Lately I’ve been thinking a lot about the way in which I want to raise my children, in hindsight my views on child raising have changed tremendously from the time I was pregnant with Ayan to now being a mother of two children. Not only am I a mother of two children but I am blessed to be a mother of a boy and a girl, along with this blessing, I feel comes great responsibility, as the days go by and my beautiful children grow with each passing day, I find myself wondering about the future. Curious about how they will look like, what they will be when they are older, what their favourite subjects at school will be, what will their first boyfriends and girlfriends will look like. Just all the fun and crazy stuff that most mothers think of but will rarely admit to, but  you know me, no filter here, unless it’s on instagram…of course.

My daughter is the closest soul to me since I graced the earth with my presence, I don’t know if it’s our star signs, our personalities or whatever you would like to believe in, but my energy and hers are so in sync and never has a being loved me as much as this little being loves me (I know I’m lucky right). Everywhere I am,  you will find her there too, in my arms, hanging around my legs, playing with my make up, putting her hands in my plate, today she was taking out my fresh washing out the basket onto the floor, as I was trying to put them to dry. And all of a sudden as I was methodically putting the washing to dry her playful presence misted into the distance and thoughts started flying into my head, how will it be when we finally have to separate? Will we suffer? Will she blossom from my branch into her own flower? How will she deal with heartbreak? How will my daughter see herself in the future? How will she present herself to her first boyfriend? How much self esteem will she have? How will she see into her inner self?

You see, I am a mother of only 24 years old, it wasn’t long ago I was a confused teenager, lost, with no guidance, no healthy relationship models in my life, except for the ones which I found myself. I remember the confusion like it was yesterday, the confusion of love and self being, the fogginess of a kiss and not tell the next day, the heartbreaking mist of what it felt like to not know what was wrong with me when a guy treated me bad. As I’ve grown up I’ve slowly, slowly pushed the painful memories to the back of my head, suppressing them as though they never really happened, because at the end of the day, that’s what we are taught to do by the people around us and by civilization right?

It is so rare a woman opens up her wounds after she has haphazardly sewn them in her younger days, why is that?

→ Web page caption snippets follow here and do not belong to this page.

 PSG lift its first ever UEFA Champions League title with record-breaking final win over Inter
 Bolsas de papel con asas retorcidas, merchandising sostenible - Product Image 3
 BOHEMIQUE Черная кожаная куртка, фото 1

All that leads to is generations upon generations of confused hearts always wondering what’s wrong with them in response to an external consequence.

So lesson one to my babygirl is going to be about those stolen kisses, those kisses with those who love her and also with those who don’t. I came across recently this conversation with a close friend after meeting with a guy she liked, he never called, so she started wondering what was wrong with her. What had she done wrong? Was she not pretty enough? Was she not a good enough kisser? Was her personality miserable?

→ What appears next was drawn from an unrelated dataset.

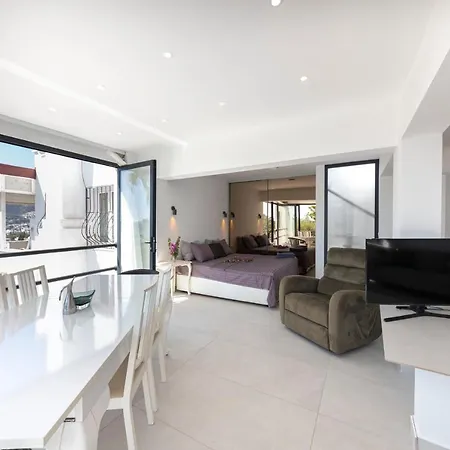 Modern With Garden And Terrace Near Beach In The Heart Of Villa Bodrum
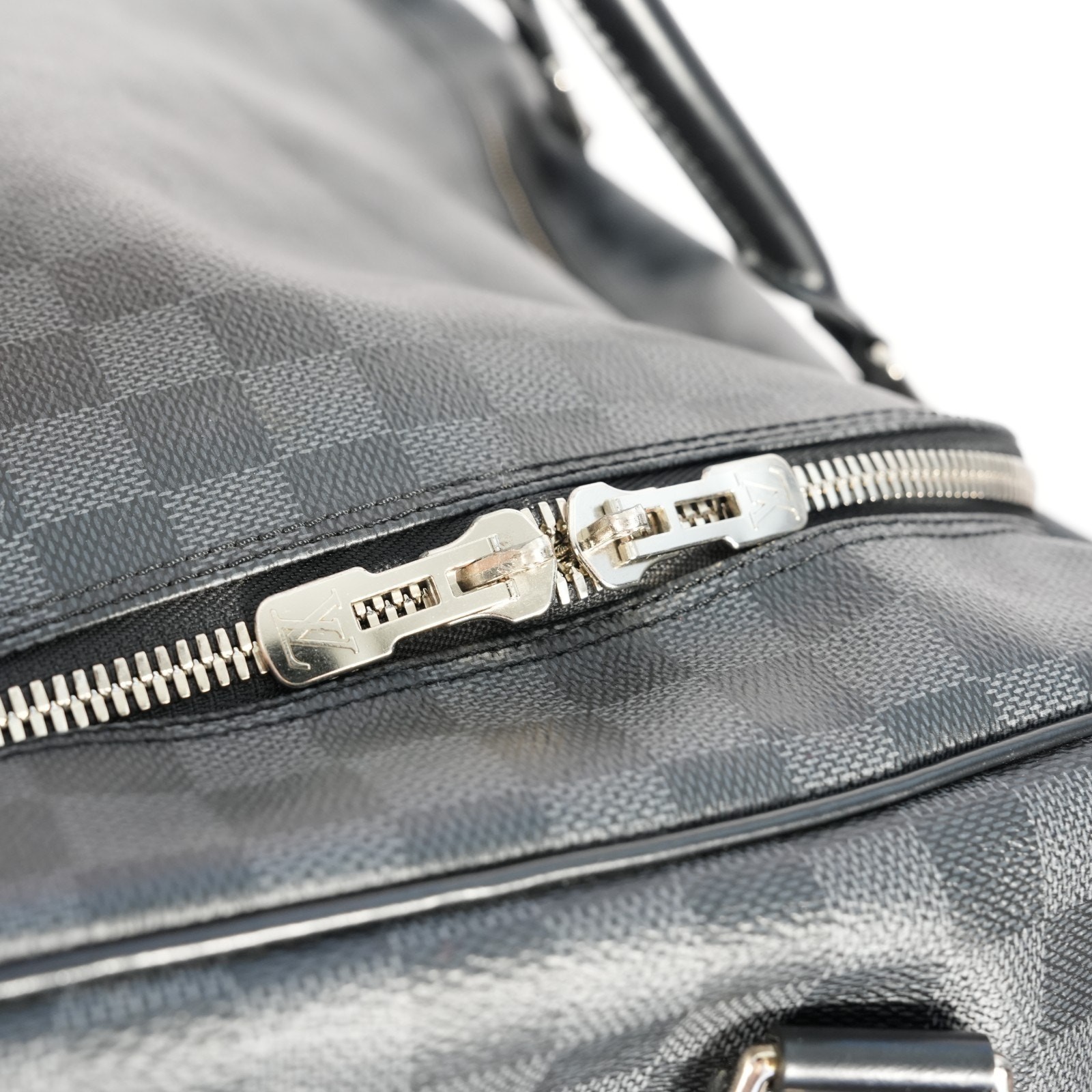 Louis Vuitton Damier Graphite Roadster 50 Weekend Duffel Bag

I said nothing, I merely comforted my friend, yet now I wish I could go back and tell her the things I will proceed to tell my daughter..

If you kiss someone and they don’t call you, then that is no reason to self attack or self judge. It doesn’t mean that something was wrong with you, it is not a reflection of your inadequacies, because my love, you have none, you have differences, some which are accepted and others which are declined by those around you. And that is okay. We don’t have to like everyone around us right? This is the same, if someone doesn’t call you back, whatever the circumstance may be, this is not a reflection of you but a reflection of that person, it is they who is lost in the stormy mess of thoughts with which they cannot be honest with. It is a reflection of their taste and their dislikes and their personal preferences, it is a reflection of how they view the world and you within it…after all, it is THEY who did not get back to you. So love freely my darling, be wild but never ask yourself why someone else left you with unanswered questions, it is ironically, merely a question with which you will have to ask them.

WordPress on the Weekend.

Hi guys, so it’s the weekend and I’m going to be enjoying it with my family, what are you guys up to this weekend? My intermittent fasting posts were a hit over here on the blog and I just wanted to take some time out to THANK YOU guys for liking and reading my posts!

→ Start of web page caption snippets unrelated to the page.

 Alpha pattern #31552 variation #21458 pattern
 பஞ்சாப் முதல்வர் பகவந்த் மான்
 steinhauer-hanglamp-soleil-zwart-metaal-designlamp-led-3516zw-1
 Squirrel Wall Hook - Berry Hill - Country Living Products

This week, not only did we reach *MOST LIKES* in a day at Life of a Chocolate Girl but we also reached *100 followers on the blog*! To some this may be a miniscule amount but to me this is a mountain, hopefully my first of many mountains, I would not have reached here without my subscribers and I am so grateful and happy for my mini milestones which I have reached.

So to celebrate these mini milestones, I am planning so much for you on the blog, amongst all the chaos of the family, I have so many life changes which have taken place and as always I will be bring you on every journey with me. For the moment we will remain on the journey through intermittent fasting and on the next blog post I want to talk more to you guys about KETOSIS…so keep an eye out.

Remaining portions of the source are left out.